The main character, Aiah, is pretty well done. A somewhat desperate woman, whose risen as high as an ethnic minority (she is part of a darker skinned immigrant group) can in her ‘metropolis’ (the world is a single city, by the way, so place states are really city-states; also the earth is covered in a silvery shield and no one knows what is beyond, except that long ago, some ‘Ascended’ went up there and presumably locked the rest of folks in). She’s smart and reckless and you do fear for her in her desperation and recklessness. The titular Metropolitan, a sort of king in exile from another metropolis, Constantine, is decently done as a larger than life, charismatic figure. A good guy, but also willing to sacrifice a lot of lives to accomplish nebulous goals. Certainly, his appeal gets across. Also, he’s black, so credit to Williams for making the two main characters people of color and the lead a woman of color.

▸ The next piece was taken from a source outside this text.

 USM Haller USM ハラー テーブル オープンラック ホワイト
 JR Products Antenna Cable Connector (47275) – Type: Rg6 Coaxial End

I enjoyed, but didn’t love it. And I probably won’t read the sequel. If you see it in a used bookstore, go for it, but that’s the most recommendation I’m giving.

On another note, I read this on my Nook app on my phone – mostly while stuck in Bangkok’s snarling, scrotum tightening traffic (I was not driving; there is a whole list of painful and possible fatal thing that I would do before driving in Bangkok, including taking career advice from a box of broken glass that has hated me since I was two and three quarters years old).